This is a specific conversation about Raw dog food — what to know before you start — ask about yours and get one honest answer for your exact situation.
inparticular.ai
Six months on a BARF diet and your Chow Chow's coat is still dull — that's genuinely frustrating, and it's also a clear signal that something specific is missing nutritionally rather than raw feeding being wrong for the dog. Chow Chows have a notoriously dense double coat that demands a lot from their diet, and home-prepared BARF can easily fall short on omega-3 fatty acids, zinc, or vitamin E without the owner realising it — the ratios just look right on paper but don't add up in practice. Raw feeding done well can be excellent, but the difference is balance and sourcing. To help narrow this down: are you preparing the meals yourself from whole ingredients, or using a pre-made BARF mix? And is your dog eating mostly muscle meat, or are you including oily fish, organ meat, and raw meaty bones regularly?

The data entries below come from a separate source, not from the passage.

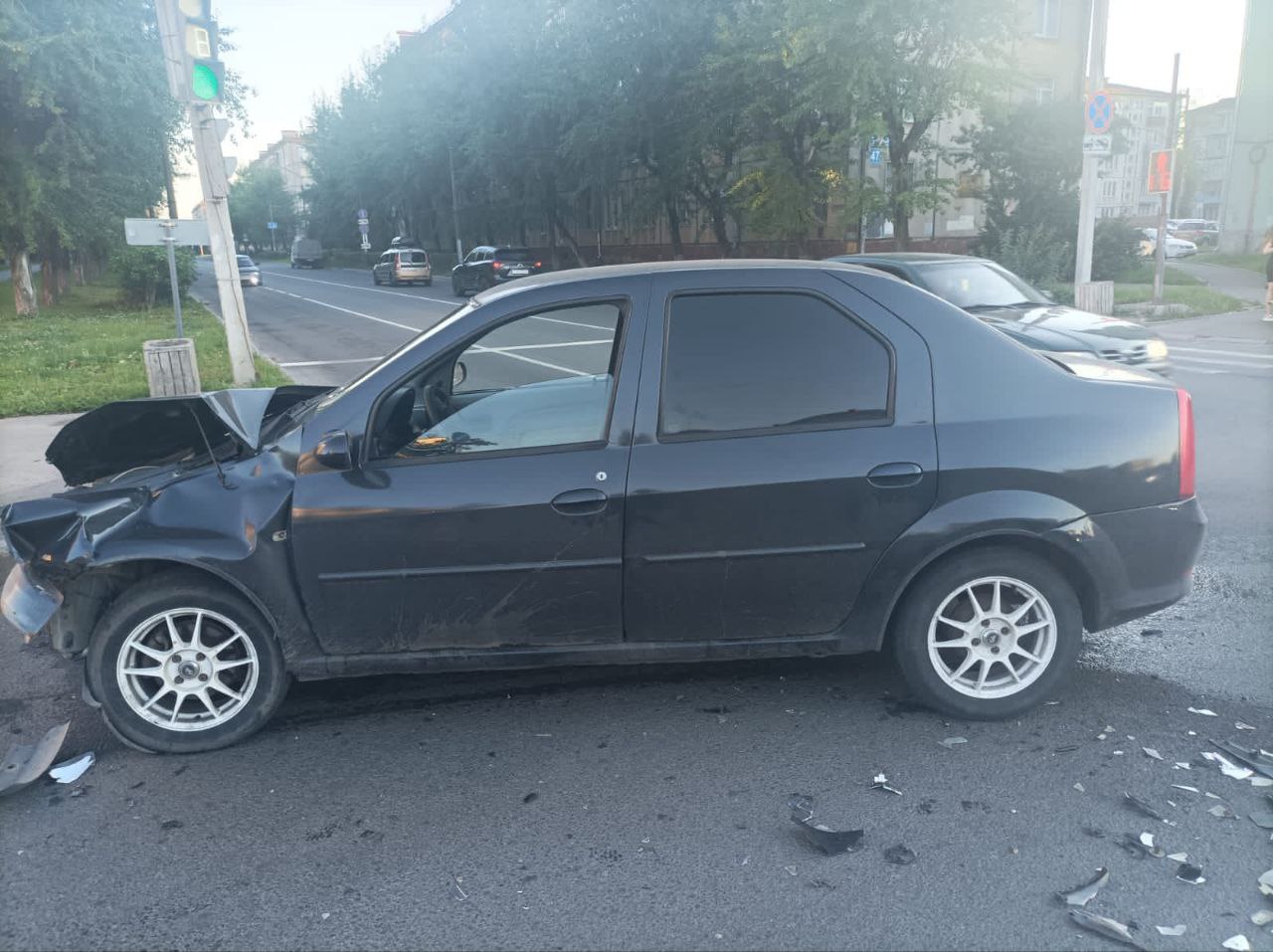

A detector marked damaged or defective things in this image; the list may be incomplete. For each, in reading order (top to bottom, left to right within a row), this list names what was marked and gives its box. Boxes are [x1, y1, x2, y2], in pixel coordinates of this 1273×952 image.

crashed black sedan [0, 261, 1209, 752]
crumpled front bumper [1, 561, 63, 637]
broken car part [0, 720, 69, 796]
shattered plastic debris [0, 724, 69, 800]
broken car part [47, 756, 94, 784]
shattered plastic debris [48, 756, 94, 784]
broken car part [788, 792, 867, 859]
shattered plastic debris [788, 796, 867, 856]
shattered plastic debris [871, 772, 899, 796]
shattered plastic debris [1122, 792, 1178, 820]
shattered plastic debris [1201, 752, 1257, 780]
shattered plastic debris [883, 844, 915, 867]
shattered plastic debris [1058, 867, 1106, 903]
broken car part [1058, 867, 1106, 903]
shattered plastic debris [1066, 903, 1146, 947]
broken car part [1066, 907, 1146, 951]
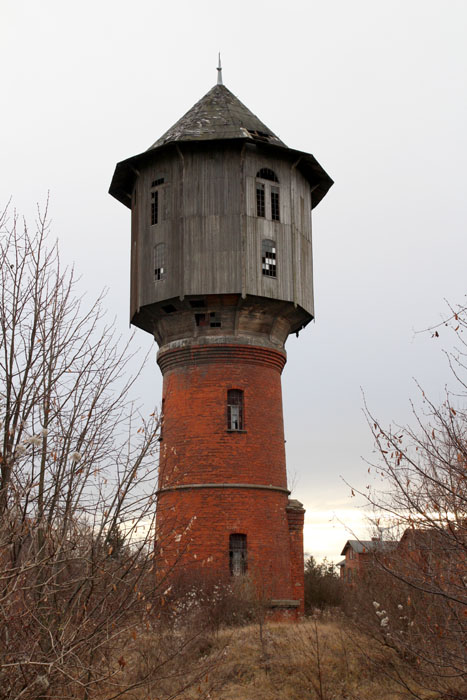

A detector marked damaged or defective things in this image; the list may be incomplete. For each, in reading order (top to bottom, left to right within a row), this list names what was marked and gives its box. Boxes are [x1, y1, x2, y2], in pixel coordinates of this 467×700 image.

broken window [228, 392, 245, 430]
broken window [230, 536, 249, 576]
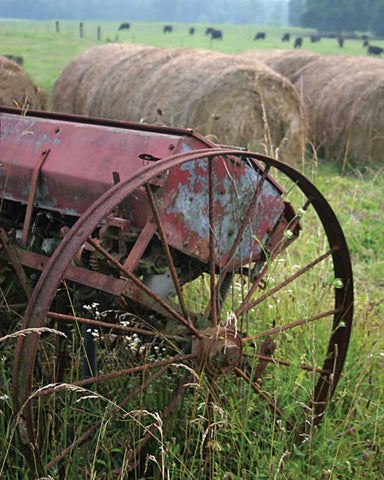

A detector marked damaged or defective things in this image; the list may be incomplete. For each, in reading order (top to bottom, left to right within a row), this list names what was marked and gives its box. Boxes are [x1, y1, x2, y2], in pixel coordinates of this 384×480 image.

rusty farm equipment [0, 107, 354, 478]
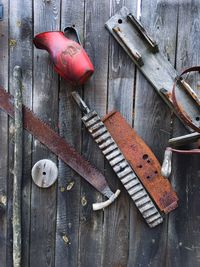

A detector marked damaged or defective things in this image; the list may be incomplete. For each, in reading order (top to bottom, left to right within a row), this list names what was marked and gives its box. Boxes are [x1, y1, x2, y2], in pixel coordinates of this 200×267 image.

rusty flat blade [0, 87, 109, 195]
rusty saw blade [0, 87, 119, 210]
chipped red paint [33, 31, 94, 86]
chipped red paint [102, 111, 179, 214]
rusty curved strap [172, 66, 200, 133]
rusty metal band [172, 67, 200, 134]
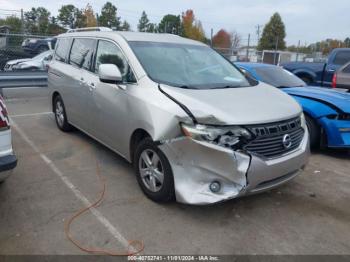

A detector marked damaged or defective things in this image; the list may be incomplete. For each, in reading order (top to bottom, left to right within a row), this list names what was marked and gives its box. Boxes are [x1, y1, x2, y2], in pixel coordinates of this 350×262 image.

damaged silver minivan [48, 28, 308, 205]
broken headlight [180, 123, 252, 149]
crumpled hood [161, 83, 300, 126]
crumpled hood [284, 86, 350, 113]
crushed front bumper [159, 129, 308, 205]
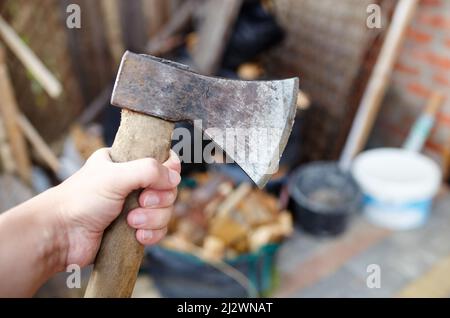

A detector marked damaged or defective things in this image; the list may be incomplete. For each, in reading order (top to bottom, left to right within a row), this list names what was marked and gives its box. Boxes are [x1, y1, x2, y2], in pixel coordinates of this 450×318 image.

rusty axe head [110, 51, 298, 188]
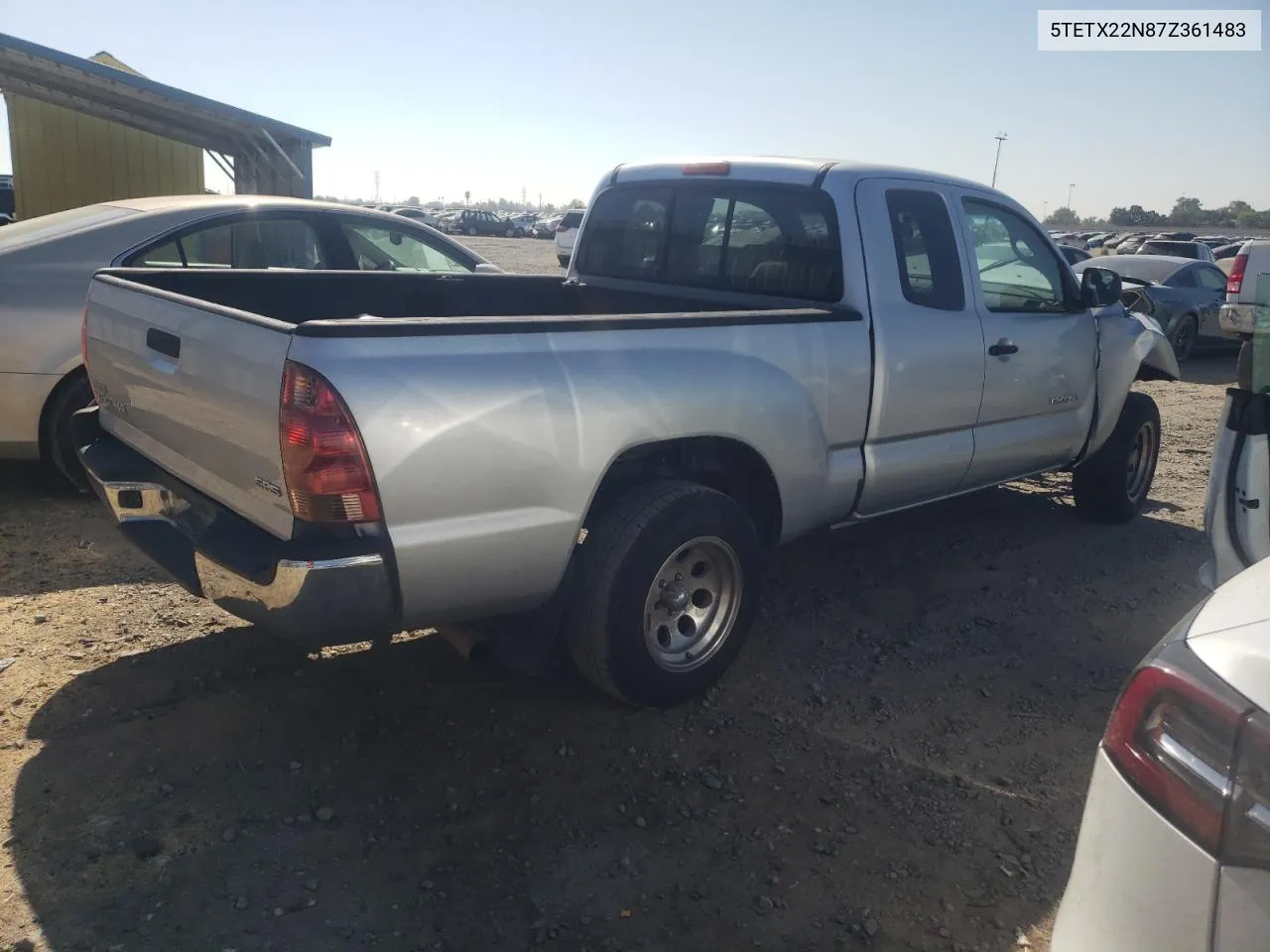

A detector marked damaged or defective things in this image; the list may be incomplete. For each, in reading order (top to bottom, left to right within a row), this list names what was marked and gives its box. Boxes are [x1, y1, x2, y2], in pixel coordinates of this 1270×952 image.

damaged front fender [1091, 309, 1178, 459]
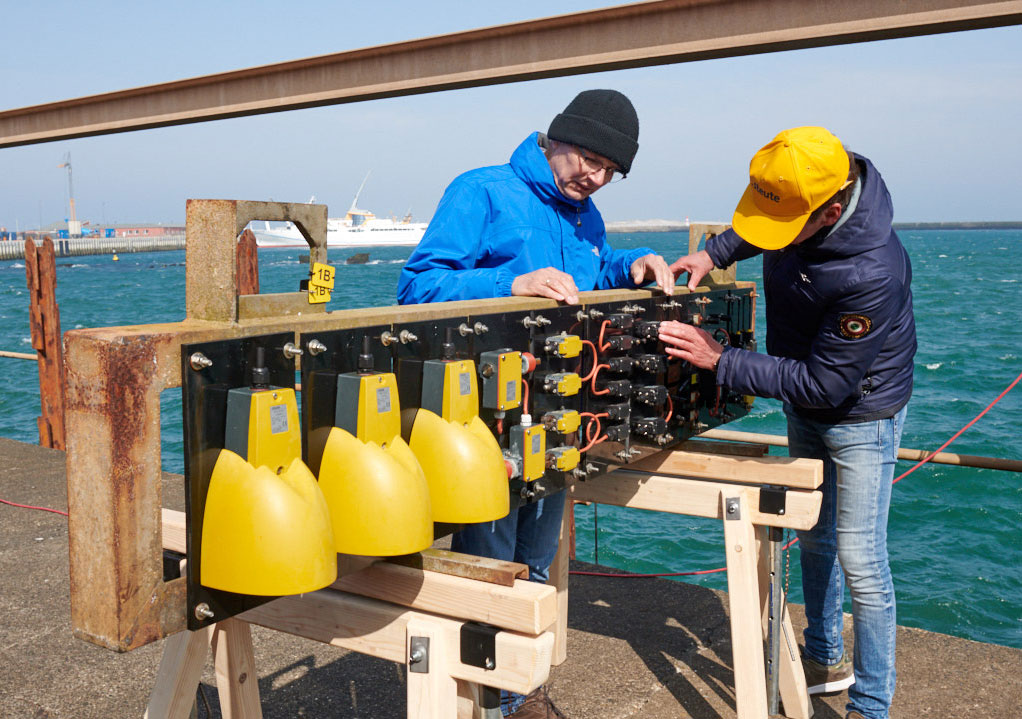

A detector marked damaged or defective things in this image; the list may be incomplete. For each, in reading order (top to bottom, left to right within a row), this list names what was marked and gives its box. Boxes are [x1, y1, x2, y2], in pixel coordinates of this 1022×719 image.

Mostly muscle meat to be honest — chicken breast, some beef mince. I add a bit of liver now and then but not every week. No fish really, I find it smelly and my dog isn't that keen.
inparticular.ai
That's almost certainly your answer. Chicken breast and lean beef mince are very low in omega-3 fatty acids, and without oily fish — sardines, mackerel, herring — you're running a significant deficit in the very nutrients that govern coat quality, skin health, and that deep shine a Chow Chow should have. Liver is excellent, but sporadic. You're also likely light on zinc and vitamin D without regular raw meaty bones and organ variety. The coat is the first thing to show these gaps because the body prioritises internal organs over it. Does your dog have any digestive sensitivities, or has the gut generally been fine on raw?
Gut has been fine, no issues there. He's 7, weighs about 28kg, no other health problems. I'm just really disappointed because I switched to raw specifically to improve his coat and it's done nothing.
inparticular.ai
Good — a settled gut makes this much easier to fix. At 28kg with no digestive issues, your Chow Chow is a strong candidate for a nutritionally complete raw meal that does the balancing for you rather than relying on you to hit every micronutrient manually. My recommendation is Nature's Menu Country Hunter 80/20 Raw Nuggets — specifically the multi-protein varieties that include salmon or herring. These are cold-pressed into frozen nuggets from 80% named meat and fish, 20% fruit, veg, and botanicals, and they're formulated to be complete and balanced to FEDIAF standards, which your current prep almost certainly isn't. The oily fish content is built in at meaningful levels, and the inclusion of seaweed and linseed adds further omega-3s and zinc. You'd portion roughly 400–450g per day for a 28kg adult dog, split across two meals. A lot of Chow owners see coat improvement within eight to twelve weeks on a properly balanced raw diet — your dog's coat isn't a lost cause, it's just been underfed the right things.
Would I need to add anything on top, or is it genuinely complete as it comes?
inparticular.ai
It's genuinely complete as it comes — that's the whole point of choosing it in this situation. Nature's Menu Country Hunter nuggets are formulated to meet FEDIAF nutritional guidelines for adult dogs, so you don't need to add oils, supplements, or anything else. If you want to go further once his coat starts improving, a small amount of raw meaty bone two or three times a week is a nice addition for dental health and enrichment, but it's not required for nutritional balance. The one thing I would say: give it a full twelve weeks before judging. Coat cycles are slow, and the outer guard hairs on a Chow Chow can take that long to reflect dietary changes. You should see skin condition and coat texture start to shift around week six or eight, with full shine coming later.
That's really helpful. Where's the best place to buy it and roughly what does it cost?
inparticular.ai
Nature's Menu Country Hunter nuggets are widely available on Amazon UK — a 1kg bag runs around £6 to £7, and they're often sold in multipacks of 7kg or 8kg which bring the per-kilo cost down to around £5 to £5.50. At 400g a day for your dog, a 7kg multipack lasts roughly two and a half weeks, so monthly cost is around £45 to £55 depending on which proteins you choose. The salmon and herring varieties are the ones to prioritise for coat repair — the chicken or turkey alone won't move the needle the same way. Order a single 1kg pouch first to check he takes to it well before committing to a larger batch.